Integrity pacts are anti-corruption tools for governmental authorities developed by Transparency International in the 1990s with the aim of reducing corruption in public contracting. The pact is, essentially, an agreement between a government or government department (at the national, sub-national or local level) and all bidders for public contract.
According to Transparency International (TI), Integrity Pacts are tools to combat corruption at the tendering and contract stage of procurement. They bind all the bidders and the government together in a contract to reduce the possibility of corruption occurring both during and after the tendering.
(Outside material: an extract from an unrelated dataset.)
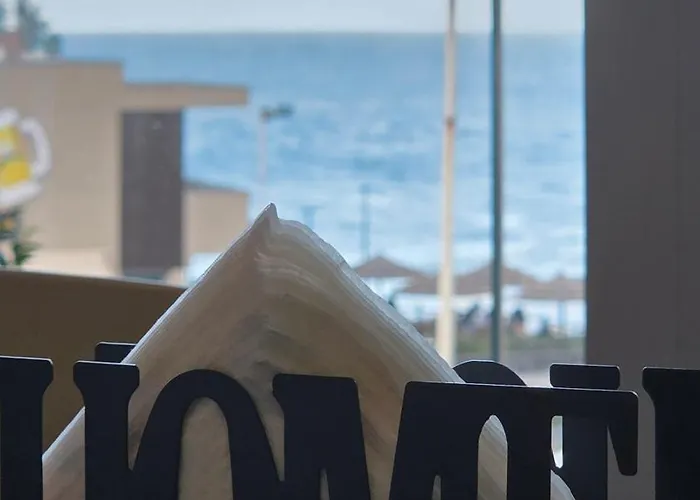 The Jolie - Lava Pools *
A defence Integrity Pact usually contains three main features:
As TI emphasises, integrity pacts are important as they supplement weak laws by making contractual requirements aimed at preventing and avoiding corrupt practices that could otherwise compromise the security sector capacity building process and put scarce public resources to waste. They also attract more bidders, give them more confidence, and provide independent monitoring and technical scrutiny. Integrity Pacts can reduce the high cost and distorting impact of corruption on public procurement, and help create a more hospitable investment climate and harvest public support. Integrity Pacts reinforce sanctions, thereby deterring corruption.
Integrity pacts stipulate rights and obligations to the effect that neither side will: pay, offer, demand or accept bribes; collude with competitors to obtain the contract; or engage in such abuses while executing the contract. The starting point is an agreement for the implementation of the pact between the government and a civil society organisation responsible for monitoring the pact. This agreement confirms the political will to implement the pact, defines the contracting process, and describes the activities, roles, and responsibilities of each of the parties involved. Transparency is required at every stage of the process. The content of the integrity pact should be agreed upon by civil society organisations and the government.
One of the main features of an integrity pact is independent monitoring. In most cases, monitors are members of civil society or experts appointed by (and reporting to) the TI Chapter and its civil society partners. The independent monitoring system aims to ensure that the pact is implemented and the obligations of the parties are fulfilled.
Integrity pacts involve and can be used by central, local or municipal government officials and agencies, private companies (the bidders) and civil society.